Minimum $\ell_{1}$-norm interpolators: Precise asymptotics and multiple descent

Li, Yue, Wei, Yuting

arXiv.org Machine Learning 

At the core of statistical learning lies the problem of understanding the generalization performance (e.g., out-of-sample errors) of the learning algorithms in use. Conventional wisdom in statistics held that including too many covariates when training statistical models can hurt generalization (despite improving training accuracy), due to the undesired over-fit. This leads to the classical conclusion that: proper regularization -- through either adding certain penalty functions to the loss function or algorithmic self-regularization -- seems to be critical in achieving the desired accuracy (e.g., Friedman et al. (2001); Wei et al. (2019)). However, an evolving line of works in machine learning observes empirical evidence that suggests, to the surprise of many statisticians, over-parameterization is not necessarily harmful.
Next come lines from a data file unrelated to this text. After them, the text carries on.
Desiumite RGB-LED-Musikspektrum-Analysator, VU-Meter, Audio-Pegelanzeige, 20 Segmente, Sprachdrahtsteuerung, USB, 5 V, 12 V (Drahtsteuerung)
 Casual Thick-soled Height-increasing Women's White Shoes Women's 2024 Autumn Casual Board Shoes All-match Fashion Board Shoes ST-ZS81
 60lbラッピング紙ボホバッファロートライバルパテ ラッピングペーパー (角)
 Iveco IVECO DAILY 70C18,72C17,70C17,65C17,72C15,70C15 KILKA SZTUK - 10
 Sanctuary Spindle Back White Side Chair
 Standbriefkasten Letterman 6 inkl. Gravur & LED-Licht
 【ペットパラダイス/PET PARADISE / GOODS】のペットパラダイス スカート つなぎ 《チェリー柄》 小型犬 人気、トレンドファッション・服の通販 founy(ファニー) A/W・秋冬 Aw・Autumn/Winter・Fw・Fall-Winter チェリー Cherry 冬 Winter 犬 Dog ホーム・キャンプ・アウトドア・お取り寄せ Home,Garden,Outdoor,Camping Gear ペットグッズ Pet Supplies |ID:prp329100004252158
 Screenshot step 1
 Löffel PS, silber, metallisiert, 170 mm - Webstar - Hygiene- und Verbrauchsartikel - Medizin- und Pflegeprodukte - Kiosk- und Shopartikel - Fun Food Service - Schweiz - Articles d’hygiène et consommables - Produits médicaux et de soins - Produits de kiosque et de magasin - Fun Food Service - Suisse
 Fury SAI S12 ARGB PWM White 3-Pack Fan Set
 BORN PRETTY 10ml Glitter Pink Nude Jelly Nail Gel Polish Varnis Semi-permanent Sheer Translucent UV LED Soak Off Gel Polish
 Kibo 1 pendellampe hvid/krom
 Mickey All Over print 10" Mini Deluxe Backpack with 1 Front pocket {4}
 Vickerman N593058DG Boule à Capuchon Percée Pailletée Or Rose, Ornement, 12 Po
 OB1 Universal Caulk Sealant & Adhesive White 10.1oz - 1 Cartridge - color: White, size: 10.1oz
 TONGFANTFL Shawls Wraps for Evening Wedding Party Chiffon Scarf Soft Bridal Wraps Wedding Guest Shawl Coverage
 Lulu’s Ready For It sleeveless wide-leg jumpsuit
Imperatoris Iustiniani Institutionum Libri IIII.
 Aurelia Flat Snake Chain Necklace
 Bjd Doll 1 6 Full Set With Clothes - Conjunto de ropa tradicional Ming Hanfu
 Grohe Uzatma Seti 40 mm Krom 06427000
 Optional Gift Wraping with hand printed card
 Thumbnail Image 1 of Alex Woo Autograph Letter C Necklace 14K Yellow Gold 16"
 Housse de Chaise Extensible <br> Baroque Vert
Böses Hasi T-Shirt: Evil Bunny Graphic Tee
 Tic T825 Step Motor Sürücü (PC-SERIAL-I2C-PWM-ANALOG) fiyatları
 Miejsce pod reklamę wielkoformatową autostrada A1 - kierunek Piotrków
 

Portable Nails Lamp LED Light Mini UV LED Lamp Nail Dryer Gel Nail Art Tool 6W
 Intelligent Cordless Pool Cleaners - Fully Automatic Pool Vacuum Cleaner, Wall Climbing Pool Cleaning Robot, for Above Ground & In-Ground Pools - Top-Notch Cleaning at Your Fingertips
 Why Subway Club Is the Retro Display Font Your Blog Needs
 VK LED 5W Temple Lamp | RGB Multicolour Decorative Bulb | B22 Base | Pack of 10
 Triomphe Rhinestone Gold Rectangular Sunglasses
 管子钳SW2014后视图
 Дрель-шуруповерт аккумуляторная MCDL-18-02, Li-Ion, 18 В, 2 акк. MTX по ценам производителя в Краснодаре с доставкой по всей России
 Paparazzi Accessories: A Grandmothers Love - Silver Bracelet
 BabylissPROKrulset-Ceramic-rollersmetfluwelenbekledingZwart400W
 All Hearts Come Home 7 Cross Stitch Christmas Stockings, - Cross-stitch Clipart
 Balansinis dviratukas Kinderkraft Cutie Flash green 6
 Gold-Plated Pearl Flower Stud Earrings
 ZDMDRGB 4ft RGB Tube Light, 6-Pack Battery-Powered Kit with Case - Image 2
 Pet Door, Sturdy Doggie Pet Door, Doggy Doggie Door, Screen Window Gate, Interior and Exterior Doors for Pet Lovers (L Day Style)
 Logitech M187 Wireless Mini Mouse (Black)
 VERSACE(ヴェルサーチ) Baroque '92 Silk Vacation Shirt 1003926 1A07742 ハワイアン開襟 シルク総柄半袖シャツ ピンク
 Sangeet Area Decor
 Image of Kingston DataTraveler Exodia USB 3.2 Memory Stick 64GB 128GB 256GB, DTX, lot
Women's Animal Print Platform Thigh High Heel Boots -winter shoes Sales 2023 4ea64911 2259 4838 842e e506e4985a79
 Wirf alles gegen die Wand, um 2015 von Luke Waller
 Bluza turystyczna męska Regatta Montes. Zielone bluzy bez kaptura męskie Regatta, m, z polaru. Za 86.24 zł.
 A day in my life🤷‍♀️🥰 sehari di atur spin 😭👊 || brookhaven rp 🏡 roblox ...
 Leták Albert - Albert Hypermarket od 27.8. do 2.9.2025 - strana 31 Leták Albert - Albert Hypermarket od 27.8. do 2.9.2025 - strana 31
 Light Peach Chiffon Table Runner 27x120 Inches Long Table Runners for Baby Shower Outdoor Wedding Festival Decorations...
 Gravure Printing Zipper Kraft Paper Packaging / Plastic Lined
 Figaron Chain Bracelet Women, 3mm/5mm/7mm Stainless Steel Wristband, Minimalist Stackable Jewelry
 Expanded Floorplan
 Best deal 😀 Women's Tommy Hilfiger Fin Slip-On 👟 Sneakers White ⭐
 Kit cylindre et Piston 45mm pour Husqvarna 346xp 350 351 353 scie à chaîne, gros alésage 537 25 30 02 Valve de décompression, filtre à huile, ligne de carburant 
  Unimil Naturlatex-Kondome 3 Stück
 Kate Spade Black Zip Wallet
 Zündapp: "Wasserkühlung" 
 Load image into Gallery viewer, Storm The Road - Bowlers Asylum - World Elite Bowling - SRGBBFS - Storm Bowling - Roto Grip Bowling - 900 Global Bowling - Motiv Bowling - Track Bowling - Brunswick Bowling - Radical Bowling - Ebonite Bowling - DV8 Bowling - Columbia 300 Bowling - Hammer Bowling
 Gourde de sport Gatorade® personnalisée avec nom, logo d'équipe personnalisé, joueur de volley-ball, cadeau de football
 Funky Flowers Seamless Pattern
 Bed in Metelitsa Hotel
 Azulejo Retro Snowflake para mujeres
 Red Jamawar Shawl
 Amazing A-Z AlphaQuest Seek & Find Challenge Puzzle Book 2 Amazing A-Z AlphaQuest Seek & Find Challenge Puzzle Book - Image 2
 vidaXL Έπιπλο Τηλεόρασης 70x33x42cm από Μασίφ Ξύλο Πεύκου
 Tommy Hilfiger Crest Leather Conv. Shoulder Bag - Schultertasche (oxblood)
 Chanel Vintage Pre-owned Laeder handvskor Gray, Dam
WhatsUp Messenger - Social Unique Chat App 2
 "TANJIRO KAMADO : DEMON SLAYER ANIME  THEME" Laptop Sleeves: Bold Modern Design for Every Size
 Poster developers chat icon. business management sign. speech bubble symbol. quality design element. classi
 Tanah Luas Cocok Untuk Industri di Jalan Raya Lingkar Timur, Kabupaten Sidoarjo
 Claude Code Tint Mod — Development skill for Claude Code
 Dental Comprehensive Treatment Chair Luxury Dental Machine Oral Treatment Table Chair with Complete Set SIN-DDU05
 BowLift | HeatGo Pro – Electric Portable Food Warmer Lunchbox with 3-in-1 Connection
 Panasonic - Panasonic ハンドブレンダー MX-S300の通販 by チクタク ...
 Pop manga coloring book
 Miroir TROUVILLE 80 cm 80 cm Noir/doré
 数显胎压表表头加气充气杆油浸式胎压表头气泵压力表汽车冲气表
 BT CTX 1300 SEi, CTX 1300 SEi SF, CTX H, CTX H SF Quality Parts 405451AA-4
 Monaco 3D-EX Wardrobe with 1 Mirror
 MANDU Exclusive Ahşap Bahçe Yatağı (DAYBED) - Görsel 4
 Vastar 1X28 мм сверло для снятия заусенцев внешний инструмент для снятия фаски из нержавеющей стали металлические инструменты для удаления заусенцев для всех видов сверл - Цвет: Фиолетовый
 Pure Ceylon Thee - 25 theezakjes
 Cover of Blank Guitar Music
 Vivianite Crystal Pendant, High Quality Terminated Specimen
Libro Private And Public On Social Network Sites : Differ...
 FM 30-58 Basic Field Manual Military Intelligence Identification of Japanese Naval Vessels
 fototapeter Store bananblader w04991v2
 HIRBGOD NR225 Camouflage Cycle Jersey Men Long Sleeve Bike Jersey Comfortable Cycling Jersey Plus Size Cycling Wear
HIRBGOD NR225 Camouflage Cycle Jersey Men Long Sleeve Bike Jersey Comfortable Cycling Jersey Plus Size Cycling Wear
Indeed, many machine learning models (such as random forests or deep neural networks) are trained until the training error vanishes to zero -- meaning that they are able to perfectly interpolate the data -- while still generalizing well (e.g., Zhang et al. (2021); Wyner et al. (2017); Belkin et al. (2019)). As a key observation to explain this phenomenon, many models when trained by gradient type methods (e.g., gradient descent, stochastic gradient descent, AdaBoost) converge to certain minimum norm interpolators, which implicitly favor models with smaller model complexity. These empirical mysteries inspire a recent flurry of activity towards understanding the generalization properties of various interpolators.